Especially welcome was the speech of my right hon. Friend the Member for Haltemprice and Howden (Mr. Davis). He spoke from his experience in government of the difficult realities of negotiating in the European Union. The Government are now learning about those hard realities at first hand.
The contributions from Labour Members were 50:50. Of the four speeches, two were on message--one of them alarmingly so--whereas the other two expressed anxieties about the Government's position, although for different reasons: at least I think that they were different reasons. The hon. Member for Crewe and Nantwich (Mrs. Dunwoody) was right to say that we should explain the implications of where the European Union is going. We shall soon have that opportunity; in the referendum on the single currency, we shall be able to put the case to the country, as my hon. Friend the Member for West Dorset also said.
At the start of the debate, my right hon. and learned Friend the Member for Folkestone and Hythe(Mr. Howard) made a most telling contribution. He characterised the Government's position as one that faced in two directions at the same time--one for our European partners and the other for the domestic market. We have heard much this evening about the yawning gulf between the Government's rhetoric at home and what they endorse abroad.
We have heard how the Government are getting into difficulties on both fronts.

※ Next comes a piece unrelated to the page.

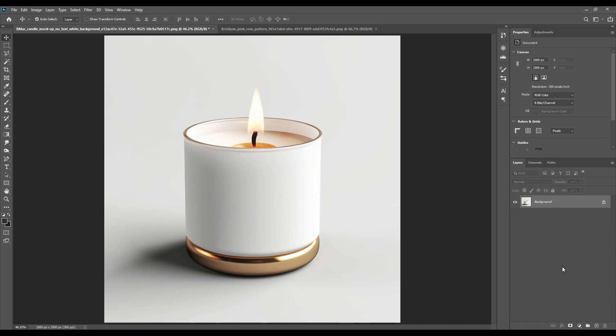Welcome and welcome back to our channel. Today we have a new mockup - a candle jar mockup. To download the PSD files of this mockup, you can check out the link in the description box below. You can also download other PSD files of mockups we've done so far from the description box.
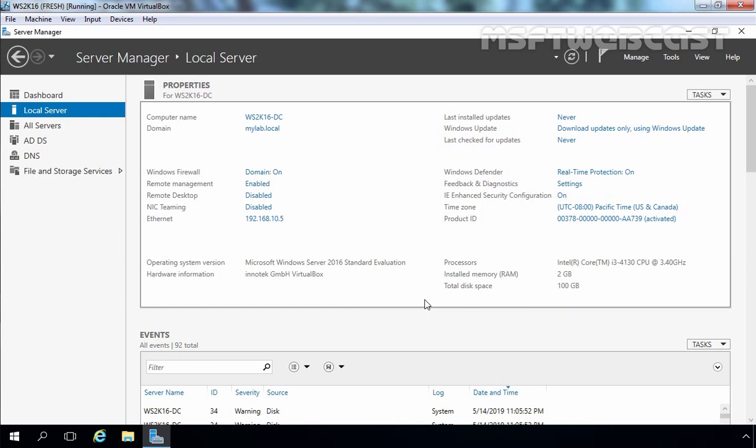This is our Windows Server 2016 virtual machine. The computer name is ws2k16-dc and under domain you can see mylab.local. I have created one domain Active Directory forest named mylab.local. In that domain we have only one domain controller, ws2k16-dc, which currently holds all five FSMO roles and is also configured as a global catalog server. The IP address assigned to this server is 192.168.10.5 with the default subnet mask.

They draw up carefully crafted positions but, especially on tax harmonisation, their proposals are being rejected both at home and abroad. Oskar Lafontaine will not put up with the British Government trying to have it both ways any more than will the Conservative party, the British press or the British public.
The Labour party hopes that the phrases in the Party of European Socialists' beloved document, "The New European Way", will also strike its different audiences--the left-of-centre Governments in Europe and the voters at home--differently. However, that did not seem to please the hon. Member for Nottingham, South(Mr. Simpson), for curious reasons entirely of his own. Many hon. Members have spoken about tax harmonisation, and it would be tedious and unnecessary to go over the issue again.
I have enjoyed one particular moment in the last few days, which makes the point, raised by my hon. Friend the Member for Reigate, that there is a great sense of deja vu about the Government's position. I had a fantasy--I do not pretend that it is the truth--about the scene in the Foreign Office yesterday. Ministers and their civil servants were trying to decide what to do after the Chancellor had come back, having been mugged at ECOFIN. How best were they to give the impression that the Foreign Office was not trying to lie low--although, of course, that was what it was trying to do?